The International Olympic Committee voted wrestling out for the 2020 Games and beyond on Tuesday. The caretakers of the Games put the sport to the curb despite it being an original part of the modern Games, which started in 1896.
It came as a surprise to most in the wrestling community. Especially with reports wrestling is unlikely to find its way back in.
The vote does have to be ratified in September, near about the same time either Istanbul, Madrid or Tokyo will be named host of the 2020 Games.
“Most of the wrestling is in Russia and the (Middle East), and I can see them just going crazy,” said local coach Ed Ashmore.
As the pillar of the local wrestling community, Ashmore has kept the sport alive in Victoria, having coached it here since 1964.
He helped Victoria athletes Taras Hryb (Munich 1972) and Clark Davis (Los Angeles 1984, Seoul 1988) go to the Olympics, and sent multiple athletes to provincial and national titles.
“I’m not overly excited about the vote but my gut feeling is it will get back in again,” Ashmore said.
“The Olympics are getting too big, way too costly, and too many events. Wrestling is the original but one of the things is it needs to be more exciting. They try to make it that way, but the average joe doesn’t watch it, maybe the finals.”
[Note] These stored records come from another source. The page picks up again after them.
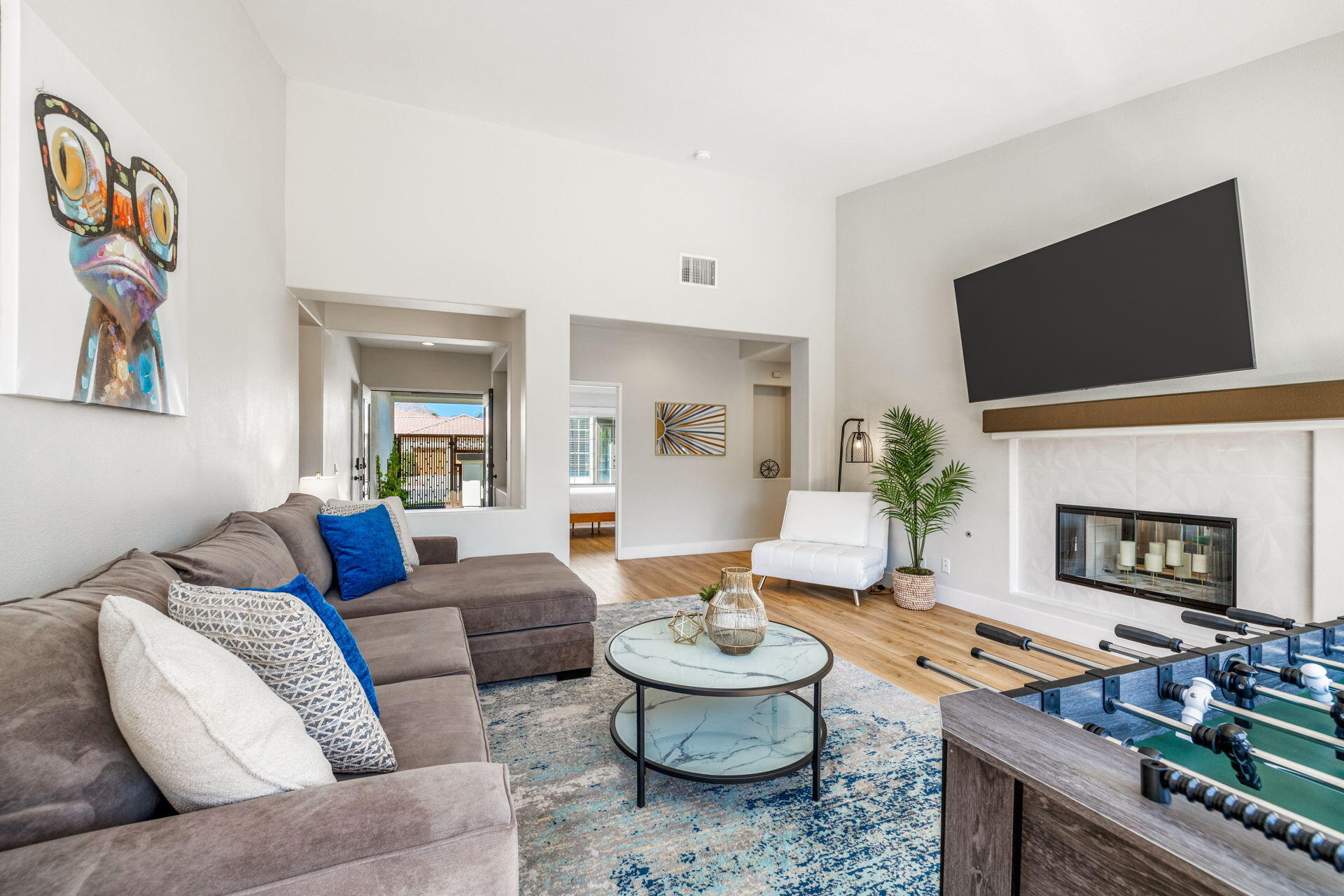 48674 Gibraltar Street Indio, CA 92201 - Photo 17 of 49 a living room with furniture a fireplace and a flat screen tv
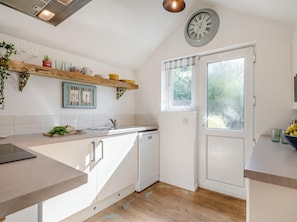 A kitchen with white cabinets, a wooden countertop, a dishwasher, a window with frosted glass, and a clock on the wall. - 1 Bed in Delabole (oc-65682) (Trewalder)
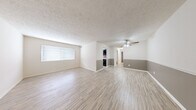 Located at 1905 Wyckshire Ct in Clarksville, Indiana, this single-floor, 2-bedroom, 2-bathroom home offers a practical and well-organized layout. The open living area is finished with light wood-style flooring, a textured ceiling, and a two-tone wall design featuring a neutral gray lower accent, creating a clean and modern aesthetic. A ceiling fan adds comfort to the main living space, which also benefits from natural light through windows fitted with blinds. The kitchen is equipped with dark cabinetry, light countertops, a tile backsplash, and a window that brings in additional natural light. Both bedrooms feature plush carpeting, providing a comfortable retreat. The spacious primary bedroom includes direct access to an en-suite bathroom as well as an adjoining closet. The bathrooms are finished with tile flooring and include a full tub-shower combination with white tile surround. A dedicated utility room houses the water heater and provides additional storage space. A connecting hallway ties the rooms together for a cohesive flow throughout the home. This residence offers a straightforward, functional design suited for comfortable everyday living.
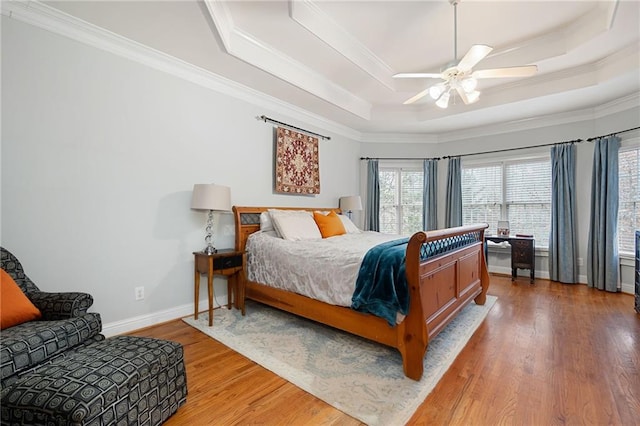 bedroom featuring hardwood / wood-style floors, ceiling fan, a raised ceiling, and crown molding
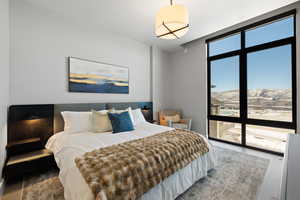 Bedroom with floor to ceiling windows, a mountain view, and wood finished floors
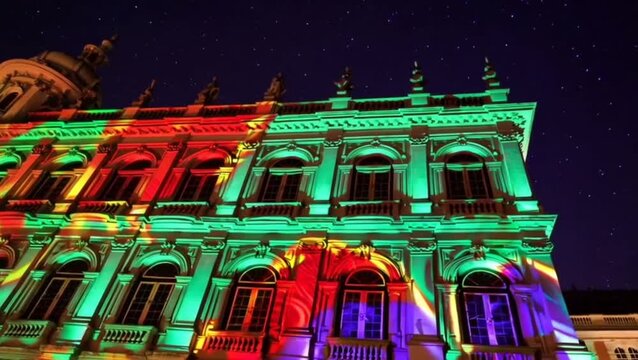 Carnival mapping projection on historic Rio building at night.
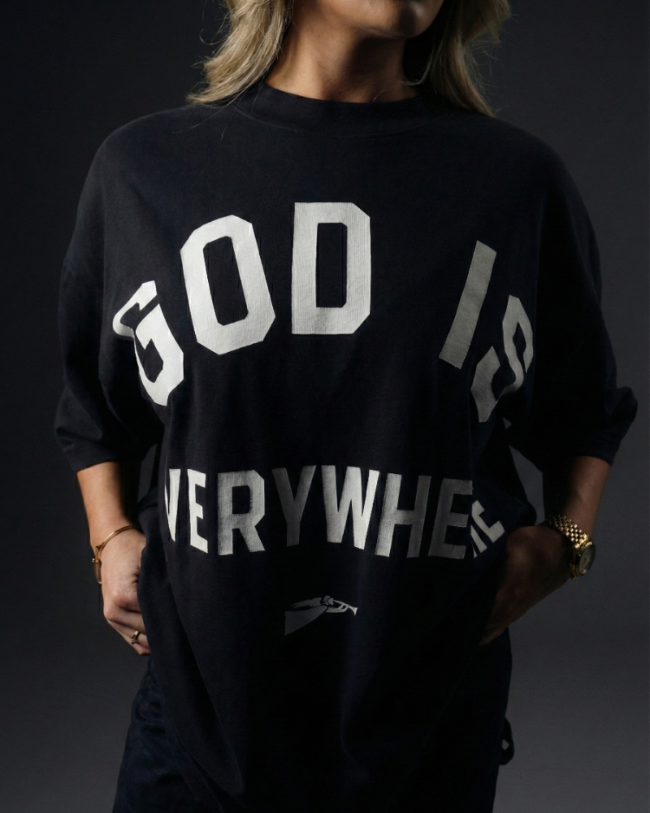 Person wearing a black sweatshirt with 'GOD IS EVERYWHERE' text on a dark background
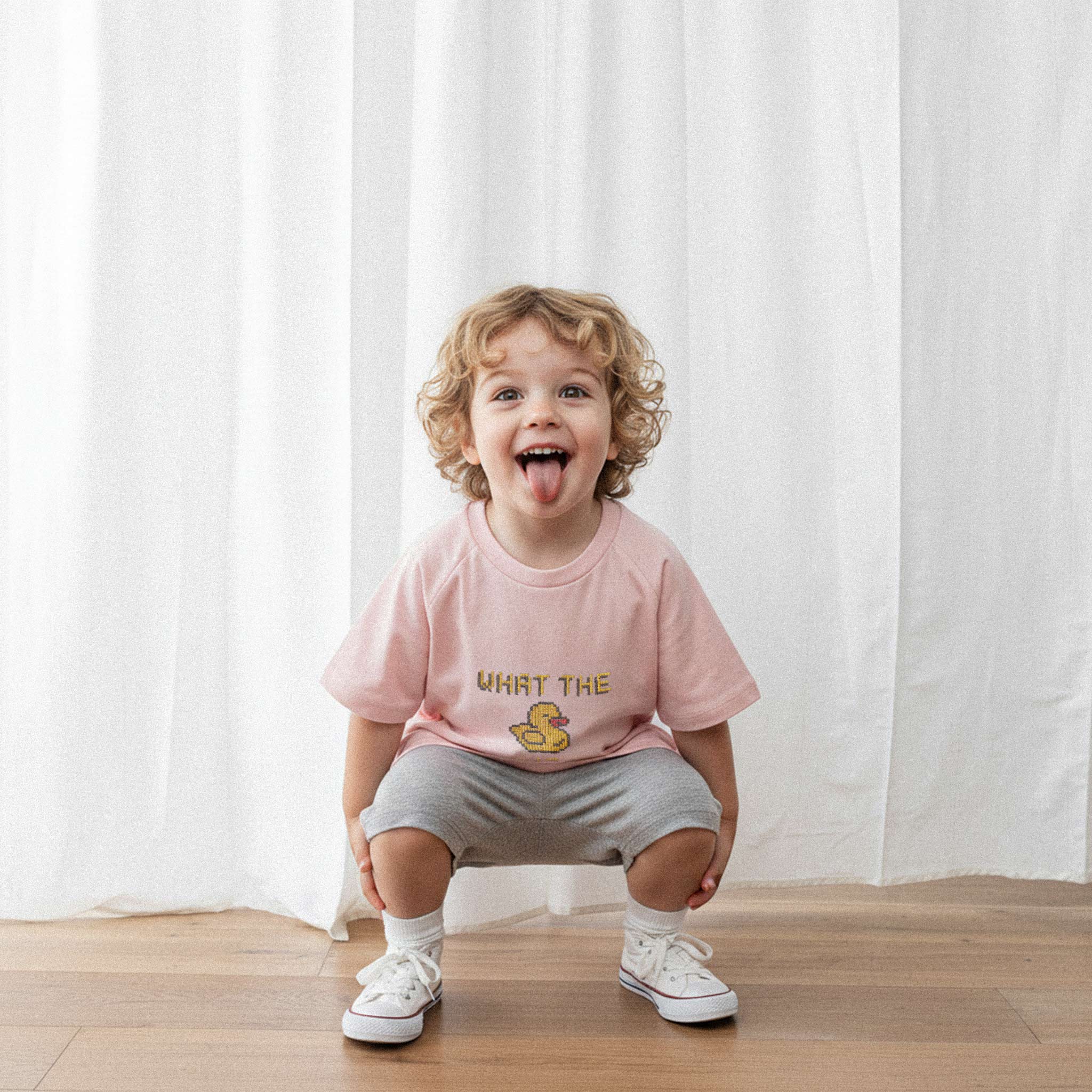 Gri şort ve gül kurusu renkli, 'What The Duck!?' nakışlı reglan kollu oversize bebek tişörtü giyen kıvırcık saçlı küçük erkek çocuk, çömelmiş ve dilini çıkararak neşeyle poz veriyor.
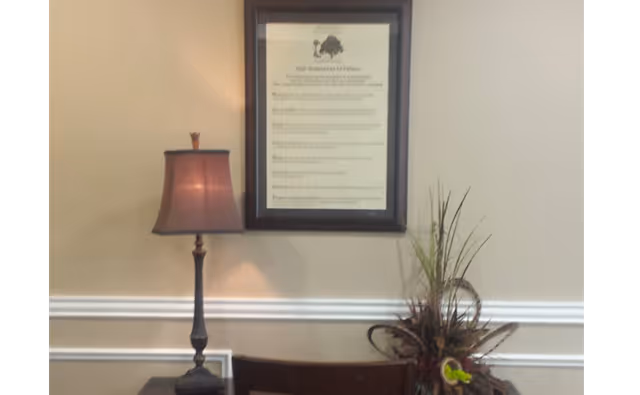 A framed statement of values hanging on a beige wall above a wooden chair. To the left of the chair is a table lamp with a dark base and a brown lampshade. To the right is a decorative arrangement of tall grasses and flowers.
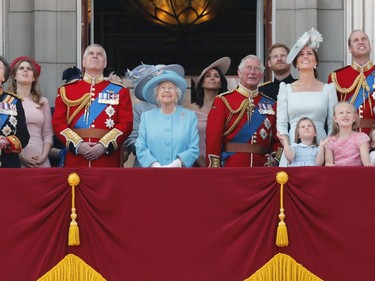 In this Saturday, June 9, 2018 file photo, from left, Princess Anne, Princess Beatrice, Prince Andrew, Queen Elizabeth, Meghan, Duchess of Sussex, Prince Charles, Prince Harry, Kate, Duchess of Cambridge and Prince William attend the annual Trooping the Colour Ceremony in London.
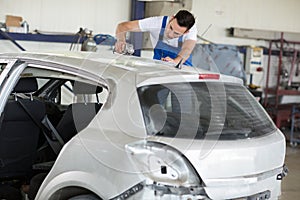 Car painter polishes scratches on car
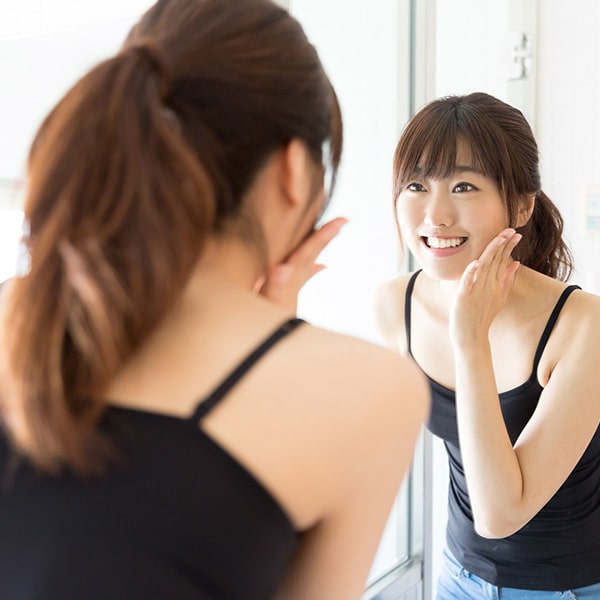 A young woman looking in the mirror while touching her face and smiling
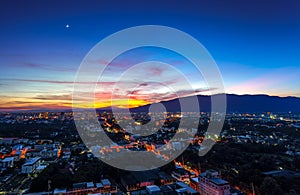 Twilight sky after sunset over city lights of Chiang Mai , Thailand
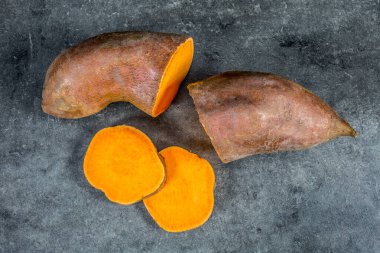 Gri arka planda izole edilmiş tatlı patatesler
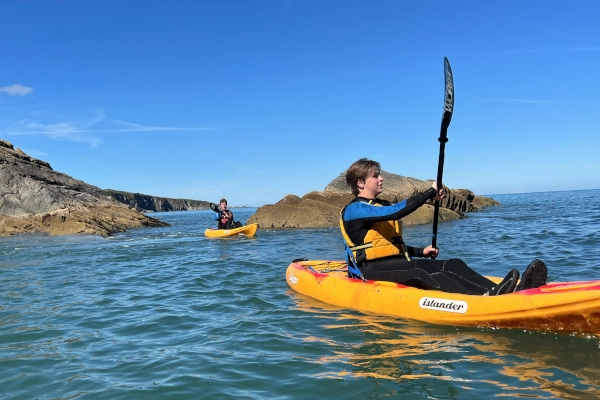 sea kayak exploring the coastline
Wrestling has seen better days in Victoria and there are currently only two high school wrestling teams, Esquimalt High and Reynolds secondary. Everyone else has the option of wrestling with the Victoria Commonwealth Bulldogs out of Cedar Hill middle school, a team started by Ashmore.
Among those on the Bulldogs are a pair of brothers, Donovan and Michael Huynh, cousins of Olympic gold medallist Carole Huynh. Ashmore’s hope is that the Olympic decision won’t affect wrestling numbers here in Victoria, at least in the short term. But over time, it could lead to more government cuts funding to wrestling, Ashmore said.
The high school provincial wrestling championships take place in Duncan, Feb. 28 to March 2.